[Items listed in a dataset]
=== Section Start ===

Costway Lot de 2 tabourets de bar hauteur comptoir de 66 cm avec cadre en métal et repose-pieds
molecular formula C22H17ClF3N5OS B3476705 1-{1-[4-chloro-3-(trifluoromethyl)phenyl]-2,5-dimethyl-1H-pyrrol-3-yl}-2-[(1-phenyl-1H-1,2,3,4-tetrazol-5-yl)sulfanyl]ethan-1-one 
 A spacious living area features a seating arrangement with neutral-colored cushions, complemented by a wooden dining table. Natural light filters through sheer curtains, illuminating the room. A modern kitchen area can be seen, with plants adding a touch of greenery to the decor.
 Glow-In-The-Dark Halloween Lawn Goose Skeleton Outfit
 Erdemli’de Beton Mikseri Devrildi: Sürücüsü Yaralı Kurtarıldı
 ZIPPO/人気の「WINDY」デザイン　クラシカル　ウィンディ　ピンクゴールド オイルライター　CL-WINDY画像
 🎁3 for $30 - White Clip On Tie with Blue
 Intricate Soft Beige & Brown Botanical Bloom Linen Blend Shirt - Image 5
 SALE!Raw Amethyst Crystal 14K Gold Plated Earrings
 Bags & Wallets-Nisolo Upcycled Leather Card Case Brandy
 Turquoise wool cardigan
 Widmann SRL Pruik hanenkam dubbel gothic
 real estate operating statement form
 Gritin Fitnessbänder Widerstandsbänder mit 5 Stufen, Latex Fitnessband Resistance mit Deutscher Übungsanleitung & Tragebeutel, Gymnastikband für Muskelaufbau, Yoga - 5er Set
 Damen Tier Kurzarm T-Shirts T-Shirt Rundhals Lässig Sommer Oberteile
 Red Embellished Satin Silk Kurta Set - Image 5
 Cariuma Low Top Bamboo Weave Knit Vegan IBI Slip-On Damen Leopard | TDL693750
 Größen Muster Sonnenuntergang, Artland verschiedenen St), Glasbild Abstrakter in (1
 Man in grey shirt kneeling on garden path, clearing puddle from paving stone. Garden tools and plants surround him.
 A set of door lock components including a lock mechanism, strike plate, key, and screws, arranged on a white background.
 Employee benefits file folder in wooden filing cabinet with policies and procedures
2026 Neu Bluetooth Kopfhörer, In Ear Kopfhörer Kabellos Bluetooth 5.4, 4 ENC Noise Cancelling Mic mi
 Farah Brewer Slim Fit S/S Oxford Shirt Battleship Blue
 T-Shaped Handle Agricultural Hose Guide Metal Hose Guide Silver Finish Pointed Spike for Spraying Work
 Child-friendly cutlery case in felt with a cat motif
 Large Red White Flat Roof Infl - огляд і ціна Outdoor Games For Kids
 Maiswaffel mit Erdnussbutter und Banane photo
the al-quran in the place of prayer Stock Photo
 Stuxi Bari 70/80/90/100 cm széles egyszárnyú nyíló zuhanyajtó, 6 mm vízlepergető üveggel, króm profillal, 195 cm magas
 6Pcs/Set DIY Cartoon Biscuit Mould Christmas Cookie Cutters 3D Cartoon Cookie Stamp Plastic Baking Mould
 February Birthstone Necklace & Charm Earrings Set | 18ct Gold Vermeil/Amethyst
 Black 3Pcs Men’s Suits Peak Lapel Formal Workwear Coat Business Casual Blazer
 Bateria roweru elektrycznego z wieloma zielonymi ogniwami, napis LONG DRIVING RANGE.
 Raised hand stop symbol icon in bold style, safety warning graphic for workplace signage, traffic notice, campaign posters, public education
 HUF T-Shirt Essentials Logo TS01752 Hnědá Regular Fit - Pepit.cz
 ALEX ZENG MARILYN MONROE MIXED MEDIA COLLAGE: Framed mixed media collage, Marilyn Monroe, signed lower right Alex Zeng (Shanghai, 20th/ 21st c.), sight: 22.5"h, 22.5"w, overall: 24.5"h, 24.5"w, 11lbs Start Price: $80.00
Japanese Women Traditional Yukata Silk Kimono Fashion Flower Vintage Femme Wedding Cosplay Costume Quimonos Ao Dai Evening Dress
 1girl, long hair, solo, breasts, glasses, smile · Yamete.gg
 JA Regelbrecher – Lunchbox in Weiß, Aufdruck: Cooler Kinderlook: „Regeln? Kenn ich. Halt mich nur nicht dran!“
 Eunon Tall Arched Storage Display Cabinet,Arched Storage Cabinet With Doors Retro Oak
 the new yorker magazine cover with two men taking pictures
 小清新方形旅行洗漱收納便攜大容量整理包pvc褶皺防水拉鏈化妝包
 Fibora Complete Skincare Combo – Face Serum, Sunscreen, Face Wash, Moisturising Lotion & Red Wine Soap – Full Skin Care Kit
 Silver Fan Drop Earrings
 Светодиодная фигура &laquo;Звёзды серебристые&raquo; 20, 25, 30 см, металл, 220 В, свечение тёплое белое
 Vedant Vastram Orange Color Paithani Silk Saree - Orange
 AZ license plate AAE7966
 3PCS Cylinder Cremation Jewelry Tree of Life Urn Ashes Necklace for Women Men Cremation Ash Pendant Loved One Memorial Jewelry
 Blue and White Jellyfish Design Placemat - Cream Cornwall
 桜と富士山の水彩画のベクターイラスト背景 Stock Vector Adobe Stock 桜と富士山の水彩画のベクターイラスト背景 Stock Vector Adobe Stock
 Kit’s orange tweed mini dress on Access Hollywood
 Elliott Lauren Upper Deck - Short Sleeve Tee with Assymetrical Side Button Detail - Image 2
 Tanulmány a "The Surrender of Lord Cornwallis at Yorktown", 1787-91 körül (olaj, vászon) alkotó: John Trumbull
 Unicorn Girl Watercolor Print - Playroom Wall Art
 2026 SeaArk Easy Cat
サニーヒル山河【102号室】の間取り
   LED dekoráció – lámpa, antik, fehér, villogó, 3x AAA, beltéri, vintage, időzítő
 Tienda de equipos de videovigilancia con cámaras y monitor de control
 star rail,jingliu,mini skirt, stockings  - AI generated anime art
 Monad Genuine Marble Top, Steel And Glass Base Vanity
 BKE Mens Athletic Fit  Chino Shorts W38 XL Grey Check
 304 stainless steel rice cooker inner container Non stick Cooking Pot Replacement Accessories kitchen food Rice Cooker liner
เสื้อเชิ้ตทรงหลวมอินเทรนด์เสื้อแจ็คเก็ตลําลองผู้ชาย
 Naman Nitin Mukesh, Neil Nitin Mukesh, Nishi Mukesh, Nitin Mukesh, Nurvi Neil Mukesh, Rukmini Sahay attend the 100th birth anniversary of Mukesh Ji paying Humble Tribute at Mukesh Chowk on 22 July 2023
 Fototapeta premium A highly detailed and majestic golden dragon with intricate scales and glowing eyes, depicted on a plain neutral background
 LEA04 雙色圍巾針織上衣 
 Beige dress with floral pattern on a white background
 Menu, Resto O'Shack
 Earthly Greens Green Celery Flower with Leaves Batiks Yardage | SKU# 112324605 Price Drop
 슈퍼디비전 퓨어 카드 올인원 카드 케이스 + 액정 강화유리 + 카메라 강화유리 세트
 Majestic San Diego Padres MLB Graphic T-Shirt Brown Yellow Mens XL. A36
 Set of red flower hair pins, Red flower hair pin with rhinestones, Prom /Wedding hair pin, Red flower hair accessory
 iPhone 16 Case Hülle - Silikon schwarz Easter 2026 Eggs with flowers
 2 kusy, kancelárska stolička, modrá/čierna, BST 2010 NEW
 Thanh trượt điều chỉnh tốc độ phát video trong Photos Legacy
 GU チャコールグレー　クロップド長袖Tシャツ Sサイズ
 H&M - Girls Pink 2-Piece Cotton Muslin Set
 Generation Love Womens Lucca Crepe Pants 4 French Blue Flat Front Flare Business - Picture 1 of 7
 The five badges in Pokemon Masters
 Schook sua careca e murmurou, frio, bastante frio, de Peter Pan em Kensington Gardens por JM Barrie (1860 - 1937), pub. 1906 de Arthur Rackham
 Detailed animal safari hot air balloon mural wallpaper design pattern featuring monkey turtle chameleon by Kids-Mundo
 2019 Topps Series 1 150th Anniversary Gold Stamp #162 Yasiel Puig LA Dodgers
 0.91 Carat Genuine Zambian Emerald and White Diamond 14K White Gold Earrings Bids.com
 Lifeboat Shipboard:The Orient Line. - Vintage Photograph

=== Section End ===

TASK OBJECTIVE: Set down, exactly as they stand above, the lines starting with the line with "Damen Tier Kurzarm" and going on through the line with "HUF T-Shirt Essentials", and no others.

RESPONSE TO THIS TASK:
 Damen Tier Kurzarm T-Shirts T-Shirt Rundhals Lässig Sommer Oberteile
 Red Embellished Satin Silk Kurta Set - Image 5
 Cariuma Low Top Bamboo Weave Knit Vegan IBI Slip-On Damen Leopard | TDL693750
 Größen Muster Sonnenuntergang, Artland verschiedenen St), Glasbild Abstrakter in (1
 Man in grey shirt kneeling on garden path, clearing puddle from paving stone. Garden tools and plants surround him.
 A set of door lock components including a lock mechanism, strike plate, key, and screws, arranged on a white background.
 Employee benefits file folder in wooden filing cabinet with policies and procedures
2026 Neu Bluetooth Kopfhörer, In Ear Kopfhörer Kabellos Bluetooth 5.4, 4 ENC Noise Cancelling Mic mi
 Farah Brewer Slim Fit S/S Oxford Shirt Battleship Blue
 T-Shaped Handle Agricultural Hose Guide Metal Hose Guide Silver Finish Pointed Spike for Spraying Work
 Child-friendly cutlery case in felt with a cat motif
 Large Red White Flat Roof Infl - огляд і ціна Outdoor Games For Kids
 Maiswaffel mit Erdnussbutter und Banane photo
the al-quran in the place of prayer Stock Photo
 Stuxi Bari 70/80/90/100 cm széles egyszárnyú nyíló zuhanyajtó, 6 mm vízlepergető üveggel, króm profillal, 195 cm magas
 6Pcs/Set DIY Cartoon Biscuit Mould Christmas Cookie Cutters 3D Cartoon Cookie Stamp Plastic Baking Mould
 February Birthstone Necklace & Charm Earrings Set | 18ct Gold Vermeil/Amethyst
 Black 3Pcs Men’s Suits Peak Lapel Formal Workwear Coat Business Casual Blazer
 Bateria roweru elektrycznego z wieloma zielonymi ogniwami, napis LONG DRIVING RANGE.
 Raised hand stop symbol icon in bold style, safety warning graphic for workplace signage, traffic notice, campaign posters, public education
 HUF T-Shirt Essentials Logo TS01752 Hnědá Regular Fit - Pepit.cz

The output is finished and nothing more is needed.